Thursday , 28 March 2024

Two Students, Violently Arrested, Denied Legal Counsel After Eight Months

Iran-HRM – The lawyer of Ali Younesi and Amir Hossein Moradi, who were both violently arrested by the security forces in April 2020, says the regime’s judiciary officials continue to prevent the two students from signing the power of attorney.

Attorney Mostafa Nili said on Tuesday, November 4 that the overseeing assistance prosecutor is preventing the students from power of attoreny claiming they need the court’s approval in order to hire their attorney.

International law guarantees anyone accused of a crime access to a lawyer at all stages of criminal proceedings, including during the investigation, the pretrial proceedings, and during the trial itself. Under Article 1 of the UN basic principles of the role of a lawyer, “All persons are entitled to call upon the assistance of a lawyer of their choice to protect and establish their rights and to defend them in all stages of criminal proceedings.”

Nili had previously said that the court had appointed judiciary-approved lawyers for the two detained students.

During the past months only the judiciary-appointed lawyers have been given access to some part of the files for the two students and those lawyers have not shared any information with the families, and lawyers hired by the families of the two have not been allowed any access to the case files at all.

Elit students violently arrested without warrant

Plain-clothed agents, who did not have an arrest warrant, violently assaulted, beat and arrested the two students on April 10, 2020.
Amir Hossein Moradi, who won the National Astronomy Olympiad silver medal in 2017, disappeared completely, while Ali Younesi, who won the gold medal at the International Olympiad on Astronomy and Astrophysics in 2018, was arrested and returned home that evening with injuries and torture marks.

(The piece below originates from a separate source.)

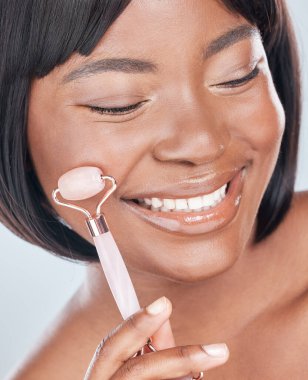 Skincare, derma roller and happy black woman in studio with wellness, cosmetics or anti aging treatment. Rolling skin, face and African beauty model with stone, crystal or lymphatic facial massage. clipart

A few hours later, Younesi was arrested again, this time with his parents, and interrogated for hours under pressure.
The students at Sharif University have been holding protests, demanding to know the fate of their friends.

Judiciary Spokesman Gholam-Hossein Esmaili said on May 5, 2020, that Moradi and Younesi were arrested for their support of the Iranian Resistance, before listing a few trumped-up national security charges that are often levied against political prisoners, i.e. “diversionary actions” and was “attempting to carry out sabotage operations”.

Intelligence Ministry puts pressure on Younesi and Moradi

On July 12, 2020, three months after their arrest, a meeting was held at the Palace of Justice in Tehran in the presence of Younesi and Moradi, as well as student representatives, Sharif University administrators, academics, judiciary and Intelligence Ministry officials, as well as two agents who interrogated the two students.

Based on several accounts published by those present at the meeting, judicial and security officials attempted to force the two students to accept some of the charges. The attempt failed after the audience supported their award-winning classmates.

In a report on the gathering, the Sharif University Islamic Association divulged that the detained students were deprived of the right to meet their families and did not have access to a lawyer of their choice.

On July, 16, 2020, Fars News, which is close to Iran’s Islamic Revolutionary Guard Corps (IRGC), published its version of the meeting and claimed those present were shown many examples that proved the two students had committed acts of sabotage.
The publications angered many student organizations.

On July 16, 2020, the Iranian Students Trade Union Council condemned the controversial article as “another devastating assault on the independence of the universities in Iran.”

Iran’s plot to force the elite students into coerced confessions

Ali Younesi and Amir Hossein Moradi are under severe pressure from Iranian regime authorities to “confess” to crimes they have not committed.

In a tweet on September 5, Aida Younesi, sister to Ali Younesi, said that her brother has been by told by interrogators to cooperate with their demands to have his death sentence commuted to life in prison. It is worth noting that neither Ali Younesi nor Amir Hossein Moradi have had a single court session and it appears that the Iranian regime’s so-called judiciary has already issued a death sentence for at least Ali Younesi.

Aida said that agents told her brother, “We will decide the judge’s verdict. If we want, the verdict would be a death penalty … but you would be spared provided you accept to have a televised confession.” While Ali’s trial has yet to be held, Aida said that Intelligence Ministry agents told her brother that they were responsible for deciding his fate, not the courts.

At the same time, interrogators also attempted to transfer Ali to a building claiming it was the Swedish Embassy in Tehran and placed a man wearing a suit and a tie in front of him.

On September 10, 2020, Mostafa Nili said the offer was unusual because the Swedish Embassy had no knowledge of any such meeting being discussed.

It would appear that the security establishment is trying to build a case against him by accusing him of collaborating with a foreign government, to make up for a lack of evidence of guilt.

Although the plan to arrange “talks with Swedish officials” failed miserably, authorities are constantly continuing their threats and deceptive measures against Ali Younesi and Amir Hossein Moradi in order to obtain their coerced confessions.

Iran Human Rights Monitor has time and again emphasized that the United Nations and the UN Human Rights Council should take action aimed at forcing the mullahs’ regime to allow an international delegation to visit its prisons and meet with these two students.